RFMO-04 - Rapid fire session from selected oral abstracts

P1-P2

A Deep Learning Ai-based System For Drug Identification

  • By: MEI, Nai-Hwa (China Taiwan)
  • Co-author(s): Ms Nai-Hwa Mei (National Yang Ming Chiao Tung University, Taipei, China Taiwan)
    Mr Chen-Yao Ho (Shin Kong Wu Ho-Su Memorial Hospital, Taipei, China Taiwan)
  • Abstract:

    Background:
    Medication errors harm at least 1.5 million people every year leading to an estimated $3.5 billion in morbidity and mortality costs annually. Whether it be the increased number of medications, older age, or poor transition of care that is associated with medication errors, we have continued to search for better methods of reducing said harm. Hence, the development of a deep learning-based system to accurately identify prescription pills.

    Purpose:
    To propose the utilization of artificial intelligence (AI) in identifying numerous pills with high precision. In hopes to reduce patients’ misuse of medications and assist healthcare professionals.

    Method:
    165 pill images were collected from Shin Kong Wu Ho-Su Memorial Hospital’s database for identification. The confusion matrix concept within the ResNet50 model developed by Natalia Larios Delgado and EfficientNet-b5 training model was then adopted for image classification and text detection.
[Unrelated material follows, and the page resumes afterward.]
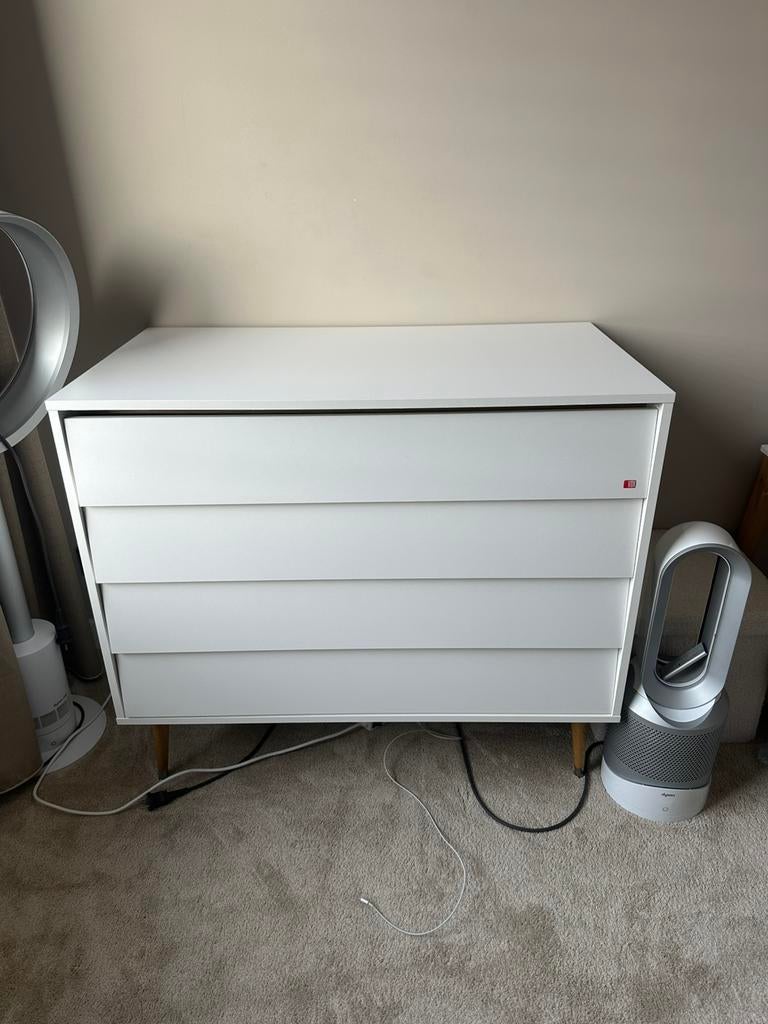 Mooie commode petite amélie, Ophalen of Verzenden, Zo goed als nieuw, Minder dan 60 cm, Radiator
This study then trained and compared the proposed models based on images of the front, back, and side views of drugs.

    Results:
    The experimental results show that with 165 images generated from 11 classified as “Grade 3 confusion matrix” drugs the AI-based system achieved an accuracy level of 90.9%.

    Conclusion:
    This study demonstrated how a deep learning AI-based model for pill identification can generate accuracies greater than 90%. If integrated into existing prescription systems such as hospitals, community pharmacies, or other healthcare facilities, not only does it reduce medical errors but also allows pharmacists time to conduct higher-level tasks by simplifying the drug identification process.